But last night i took myself off to the local park for the town derby-Croesyceiliog v Cwmbran as the game finally returned.Strictly Amateur.
What better way to spend a Friday evening than stood on the touchline getting soaking wet in what-for a game at this level-was a ridiculously large crowd.Shoulder to shoulder and strictly maskless the day before social distancing ended in Wales!
Did i enjoy it?You bet i did.Croesyceiliog won 11-8 with all their points scored by Josh Parr.
And when i got in i had take off my sodden clothes to dry.
How i missed all this.
And in two months i get to follow my team to North Wales..a 3 1/2 hour  train ride away.That trip was due 17 months ago!Looking forward to it


----------



## Aunt Bea (Aug 6, 2021)

Furry, Have fun but please be careful!


----------



## Furryanimal (Aug 7, 2021)

Photos from last night..not mine.From Cwmbran Life

i’m hidden behind the players on the bottom one!


----------



## Furryanimal (Aug 7, 2021)

I found this



__ https://www.facebook.com/video.php?v=265526958340830
		



the guy with the walking stick,green jacket and green Packers hat at 1:32 is me!


----------



## oldiebutgoody (Aug 7, 2021)

Looks like fun.

If I may ask, do folks in your area prefer to communicate in English or Cymraeg?


----------



## RadishRose (Aug 7, 2021)

Furryanimal said:


> I found this
> 
> 
> 
> ...


My goodness it was difficult to find you but I think I did. But not a second time; it went too fast.

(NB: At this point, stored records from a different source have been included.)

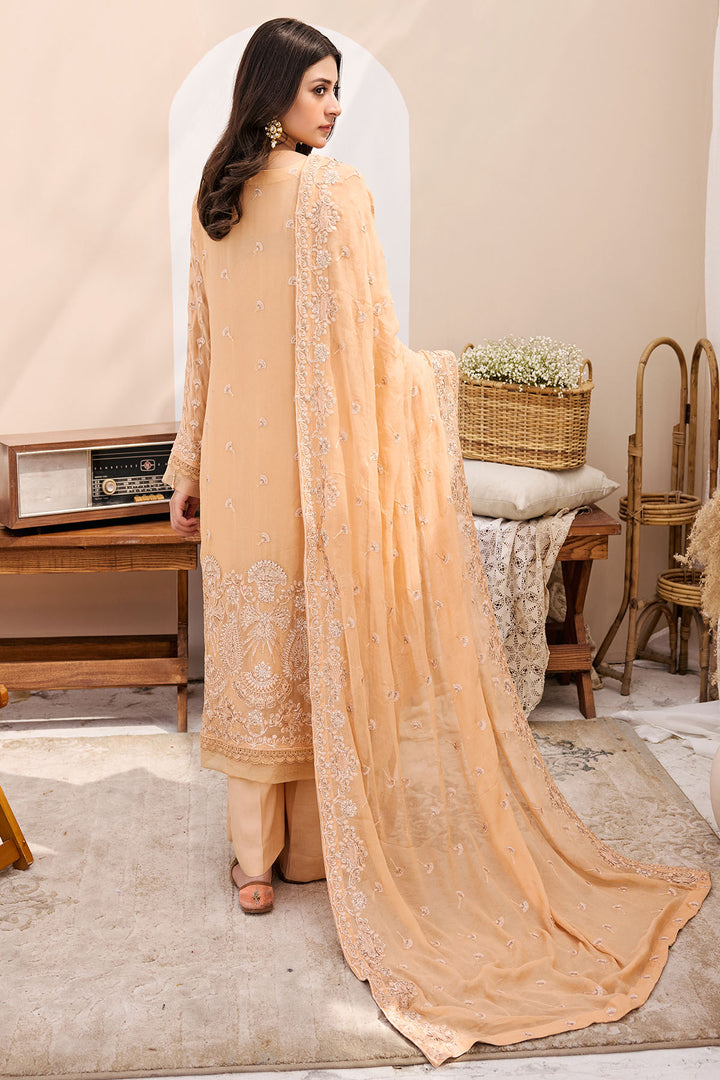 3899-POPPY EMBROIDERED BEMBERG CHIFFON UNSTITCHED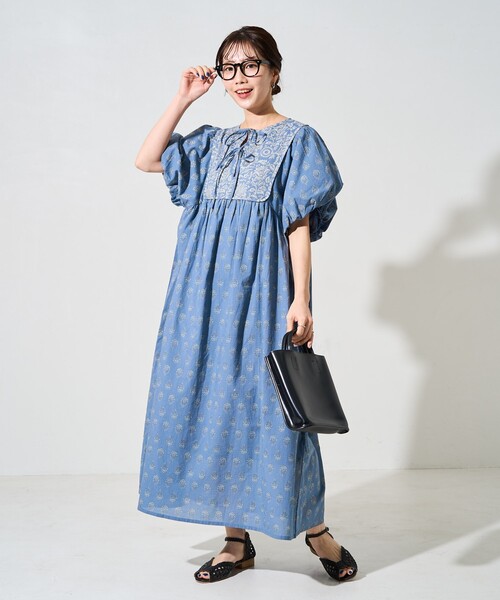 『5年保証』 FREAK'S STORE ワンピース 限定展開 インド 花柄 フロント ワンピース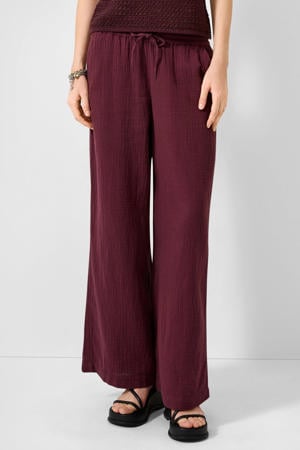high waist regular fit broek - donkerrood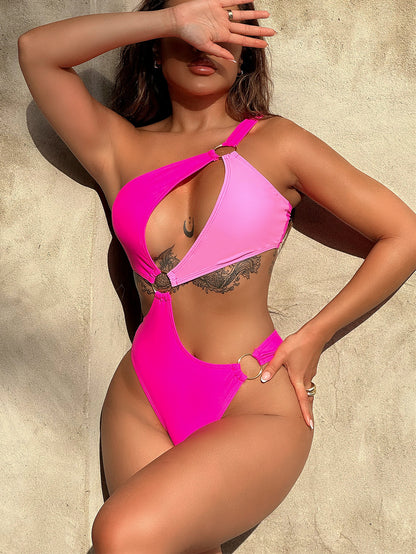 One-Shoulder Cutout Ring Detail One-Piece Swimsuit - Folded Express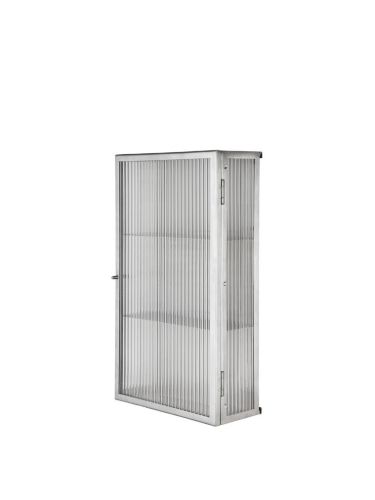 Ferm Living Haze Wall Cabinet 60x35 cm - Reeded Glass/Stainless Steel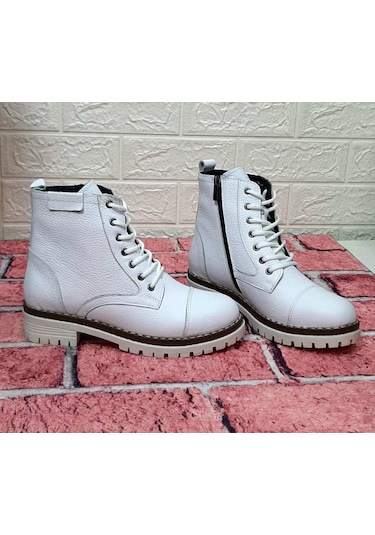 Voyager 8493 Beyaz Hakiki Deri Fermuarlı Bağcıklı Kaliteli Bayan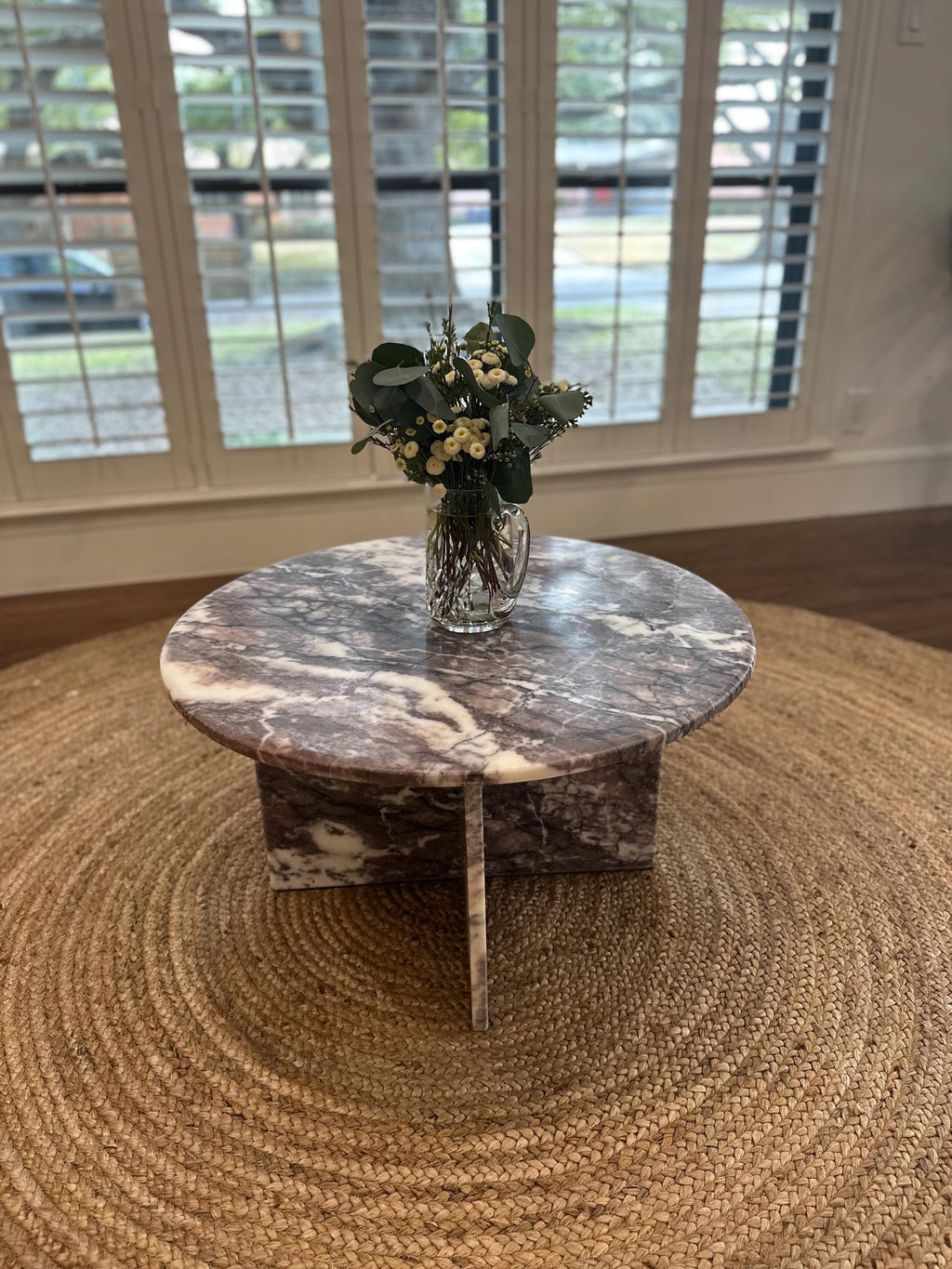 Dark Calacatta viola marble coffee table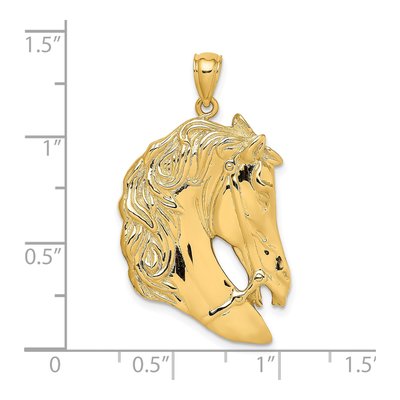 14K Yellow Gold Horse Head Pendant – view 4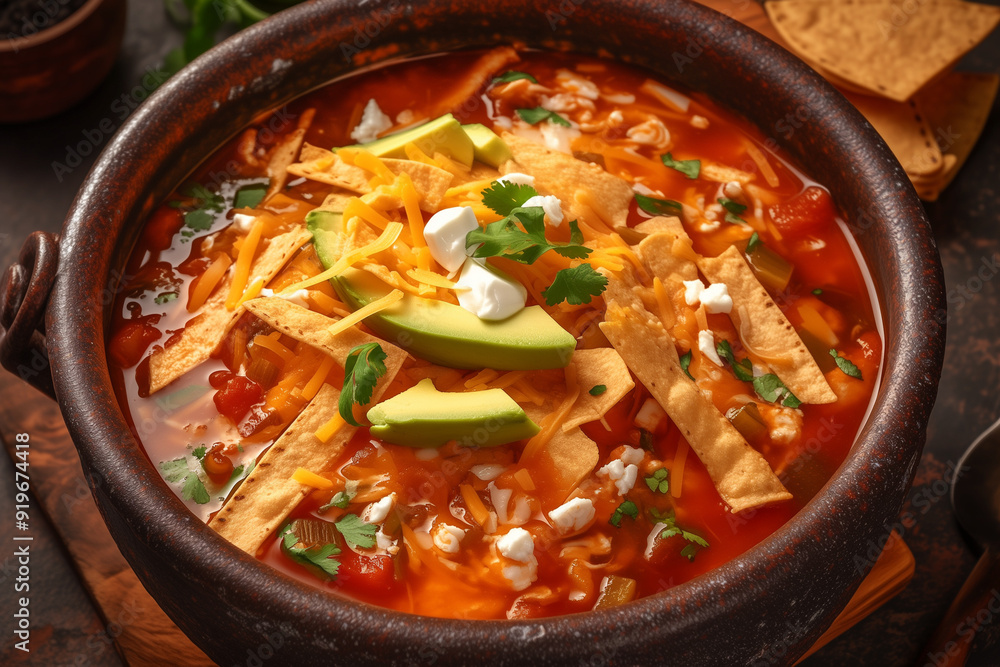 authentic mexican sopa de tortilla with a rich tomato broth topped with avocado and cheese authentic mexican sopa de tortilla with a rich tomato broth topped with avocado and cheese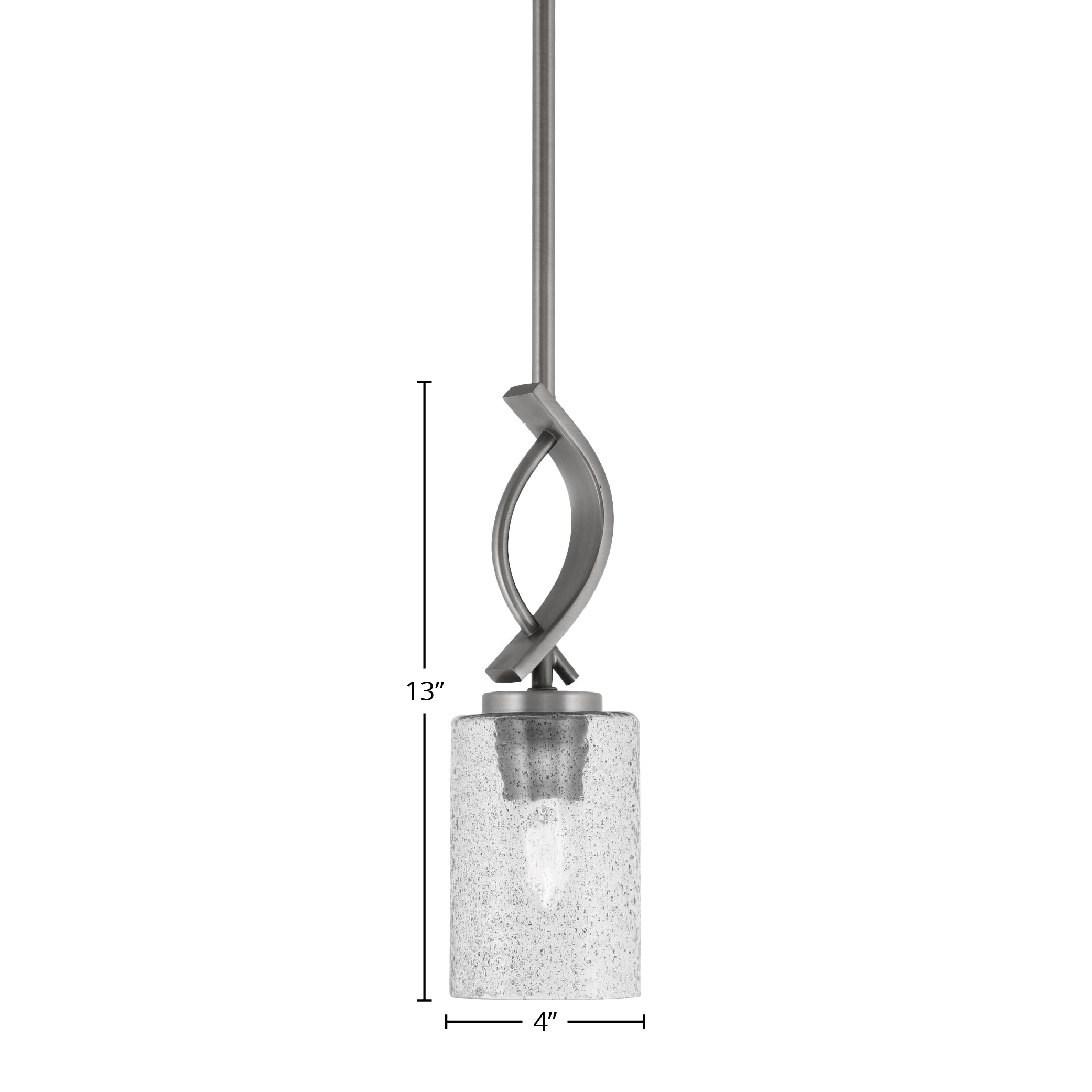 Cavella One Light Mini Pendant in Graphite with 4" Smoke Bubble Shade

Happy that you finally had a great time but please be careful!


----------



## Furryanimal (Aug 7, 2021)

oldiebutgoody said:


> Looks like fun.
> 
> If I may ask, do folks in your area prefer to communicate in English or Cymraeg?


English...not too many Welsh speakers in my area
But last nights game-in English-was the cross of the cockerel v crow valley


----------